Le storiche riot grrrl guidate da Kathleen Hanna torneranno con un mini tour di concerti in America. Ma noi ci ricordiamo ancora di quando le abbiamo viste a Roma, al Forte Prenestino, nel 1996

Bikini Kill: oltre al femminismo punk c’è di più

La prima volta che ho visto Kathleen Hanna dal vivo non sapevo se vergognarmi più di me stesso o per lei. Durante il concerto delle Bikini Kill organizzato nel 1996 da Lucia e il collettivo femminista del Forte Prenestino di Roma, aveva su soltanto una shirt e una minuscola gonna di colore bordeau. Tanto piccola che, più delle mutandine, le si vedevano direttamente le micro-pustole di dove si era depilata la topa.

Sudatissima, coi capelli corvini trattenuti da una bandana. Quello che era un palese richiamo al manifesto “We Can Do It” di J. Howard Miller del 1943 stranamente spiccava sul resto del look e iniziò a mietere vittime tra le fanciulle presenti: un’orda di wannabe dopate dal riottismo fashion delle Hole di Courtney Love si sarebbero scoperte fiere combattenti per il potere femminile a suon di bandane e calci nei testicoli a chi si avvicinava sottopalco. Leggenda vuole che prima di iniziare abbia bevuto un tè sfogliando Memoria, un’agenda autoprodotta nata tra le pareti del Forte nel tentativo di recuperare, attraverso immagini, pensieri e spunti di riflessione, la memoria storica della lotta delle donne e, soprattutto, nella lotta al sessismo. Pare che non commentò praticamente nulla ma l’espressione del suo volto trasmetteva questo: “Non capisco nulla di quello che mi state mostrando ma sono fiera che stiate risvegliando le vostre coscienze e i vostri corpi addormentati”. Femminismo empatico.

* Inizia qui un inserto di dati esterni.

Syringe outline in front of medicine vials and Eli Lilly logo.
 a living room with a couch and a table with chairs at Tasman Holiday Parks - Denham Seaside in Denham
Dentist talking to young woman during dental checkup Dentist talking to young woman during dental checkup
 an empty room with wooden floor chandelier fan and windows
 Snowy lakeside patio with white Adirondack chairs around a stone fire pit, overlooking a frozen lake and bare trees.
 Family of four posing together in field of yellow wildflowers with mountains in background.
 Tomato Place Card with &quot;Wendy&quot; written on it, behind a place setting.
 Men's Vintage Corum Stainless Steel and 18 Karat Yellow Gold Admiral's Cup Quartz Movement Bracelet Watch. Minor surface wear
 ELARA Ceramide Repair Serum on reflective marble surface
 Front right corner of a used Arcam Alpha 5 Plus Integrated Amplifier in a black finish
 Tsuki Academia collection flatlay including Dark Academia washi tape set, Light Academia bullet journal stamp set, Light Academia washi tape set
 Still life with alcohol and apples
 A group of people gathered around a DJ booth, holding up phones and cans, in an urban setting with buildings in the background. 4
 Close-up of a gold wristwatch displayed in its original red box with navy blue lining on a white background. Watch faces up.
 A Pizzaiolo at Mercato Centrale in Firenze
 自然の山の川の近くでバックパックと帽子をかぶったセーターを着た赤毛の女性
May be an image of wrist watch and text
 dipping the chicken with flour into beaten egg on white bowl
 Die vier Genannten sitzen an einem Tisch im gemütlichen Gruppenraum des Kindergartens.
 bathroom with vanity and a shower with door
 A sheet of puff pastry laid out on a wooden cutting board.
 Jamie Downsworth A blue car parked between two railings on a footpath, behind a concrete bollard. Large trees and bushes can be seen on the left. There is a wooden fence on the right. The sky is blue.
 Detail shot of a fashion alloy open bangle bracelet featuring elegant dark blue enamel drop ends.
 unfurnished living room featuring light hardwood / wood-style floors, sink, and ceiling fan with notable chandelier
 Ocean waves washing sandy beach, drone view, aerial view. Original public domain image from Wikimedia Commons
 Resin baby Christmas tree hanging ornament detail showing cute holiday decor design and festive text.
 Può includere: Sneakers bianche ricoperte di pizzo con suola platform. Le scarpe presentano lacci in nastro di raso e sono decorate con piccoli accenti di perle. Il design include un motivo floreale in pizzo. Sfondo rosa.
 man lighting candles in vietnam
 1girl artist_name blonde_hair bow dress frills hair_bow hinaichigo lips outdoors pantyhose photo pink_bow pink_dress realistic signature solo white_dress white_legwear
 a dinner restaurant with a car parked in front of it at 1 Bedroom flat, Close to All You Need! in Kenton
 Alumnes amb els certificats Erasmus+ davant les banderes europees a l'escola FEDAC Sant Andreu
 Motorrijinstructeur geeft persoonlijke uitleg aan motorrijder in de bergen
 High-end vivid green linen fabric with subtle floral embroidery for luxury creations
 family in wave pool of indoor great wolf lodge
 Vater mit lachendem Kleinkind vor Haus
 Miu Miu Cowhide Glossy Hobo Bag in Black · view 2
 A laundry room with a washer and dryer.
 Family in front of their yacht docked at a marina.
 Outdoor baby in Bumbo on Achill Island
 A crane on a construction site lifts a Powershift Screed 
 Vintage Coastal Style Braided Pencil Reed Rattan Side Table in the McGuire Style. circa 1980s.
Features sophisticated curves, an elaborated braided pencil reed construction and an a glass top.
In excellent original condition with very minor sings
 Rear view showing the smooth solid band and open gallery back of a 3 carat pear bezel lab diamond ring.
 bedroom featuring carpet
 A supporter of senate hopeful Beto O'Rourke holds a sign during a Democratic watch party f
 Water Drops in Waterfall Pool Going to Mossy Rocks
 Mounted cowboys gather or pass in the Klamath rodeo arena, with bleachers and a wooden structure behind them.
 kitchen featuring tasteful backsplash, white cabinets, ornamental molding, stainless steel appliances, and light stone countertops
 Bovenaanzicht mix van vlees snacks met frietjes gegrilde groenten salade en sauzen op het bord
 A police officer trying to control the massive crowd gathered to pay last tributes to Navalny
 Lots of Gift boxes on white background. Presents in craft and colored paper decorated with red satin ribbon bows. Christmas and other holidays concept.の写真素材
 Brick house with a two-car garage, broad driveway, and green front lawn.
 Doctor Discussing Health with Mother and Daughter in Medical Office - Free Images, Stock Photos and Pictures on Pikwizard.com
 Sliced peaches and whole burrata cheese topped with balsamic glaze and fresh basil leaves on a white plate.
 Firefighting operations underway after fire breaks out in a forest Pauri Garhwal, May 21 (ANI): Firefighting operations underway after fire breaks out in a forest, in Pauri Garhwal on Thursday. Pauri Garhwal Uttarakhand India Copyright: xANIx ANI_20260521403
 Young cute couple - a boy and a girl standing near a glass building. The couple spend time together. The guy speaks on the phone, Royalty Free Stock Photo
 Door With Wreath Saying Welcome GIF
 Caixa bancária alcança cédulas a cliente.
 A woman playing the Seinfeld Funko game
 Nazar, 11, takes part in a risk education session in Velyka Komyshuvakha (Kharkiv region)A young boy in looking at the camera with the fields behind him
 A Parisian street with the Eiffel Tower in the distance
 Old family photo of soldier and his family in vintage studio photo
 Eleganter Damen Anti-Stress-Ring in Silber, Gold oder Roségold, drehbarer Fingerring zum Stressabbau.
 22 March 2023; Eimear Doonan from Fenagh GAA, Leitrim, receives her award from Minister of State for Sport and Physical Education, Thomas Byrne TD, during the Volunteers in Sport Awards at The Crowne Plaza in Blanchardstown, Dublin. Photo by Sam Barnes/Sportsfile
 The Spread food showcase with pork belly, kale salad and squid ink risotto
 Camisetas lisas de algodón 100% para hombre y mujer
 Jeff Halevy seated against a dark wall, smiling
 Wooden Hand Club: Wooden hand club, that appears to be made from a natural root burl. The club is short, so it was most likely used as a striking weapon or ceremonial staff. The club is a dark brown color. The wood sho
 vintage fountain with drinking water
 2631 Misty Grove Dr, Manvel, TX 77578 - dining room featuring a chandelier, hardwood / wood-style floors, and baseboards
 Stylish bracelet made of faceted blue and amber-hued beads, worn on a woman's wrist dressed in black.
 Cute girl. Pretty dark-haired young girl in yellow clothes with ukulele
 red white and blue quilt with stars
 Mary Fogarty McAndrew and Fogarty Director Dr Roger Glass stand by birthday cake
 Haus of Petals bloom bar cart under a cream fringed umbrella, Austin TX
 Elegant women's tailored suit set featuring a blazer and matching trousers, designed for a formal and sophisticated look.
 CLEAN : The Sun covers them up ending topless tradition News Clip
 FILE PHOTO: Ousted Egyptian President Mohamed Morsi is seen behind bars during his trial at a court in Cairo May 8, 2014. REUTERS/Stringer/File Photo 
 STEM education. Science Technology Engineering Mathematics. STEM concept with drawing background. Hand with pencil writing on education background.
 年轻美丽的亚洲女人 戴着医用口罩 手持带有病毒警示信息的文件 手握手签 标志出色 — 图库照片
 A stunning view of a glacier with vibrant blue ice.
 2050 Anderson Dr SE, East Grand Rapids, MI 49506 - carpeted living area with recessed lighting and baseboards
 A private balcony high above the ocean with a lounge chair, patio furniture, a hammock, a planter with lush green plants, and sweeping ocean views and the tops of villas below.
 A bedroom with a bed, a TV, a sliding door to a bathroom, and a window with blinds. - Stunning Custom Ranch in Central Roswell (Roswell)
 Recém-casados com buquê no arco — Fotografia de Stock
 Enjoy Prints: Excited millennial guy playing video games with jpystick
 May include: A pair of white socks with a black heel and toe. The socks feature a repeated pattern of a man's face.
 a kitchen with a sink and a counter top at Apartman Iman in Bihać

Tutto il retaggio del tempo passato a scrivere e impaginare giornalini come Revolution Girl Style Now o Girl Germs (ancora prima di quel Bikini Kill, dal quale la band prese il nome) già sui banchi del Evergreen State College di Washington dieci anni prima, riaffiorava nel suo sguardo: il compiaciuto stupore di ritrovarsi dall’altro capo del mondo tra altre ragazze con la sua stessa testa e i suoi stessi ideali.

Il concerto fu una bolgia infernale: ogni brano che iniziava un ragazzo a caso si prendeva un calcio soltanto per aver osato avvicinarsi a bordo palco. Me compreso. Si creò così un tacito accordo per cui le postazioni migliori fossero a esclusivo appannaggio del pubblico femminile mentre i maschi dovevano accontentarsi di un posto nelle retrovie. Un sano esercizio di cavalleria imposto a suon di pedate e incitazioni dal palco, estraneo a qualsiasi altro concerto a cui avessi assistito fino ad allora.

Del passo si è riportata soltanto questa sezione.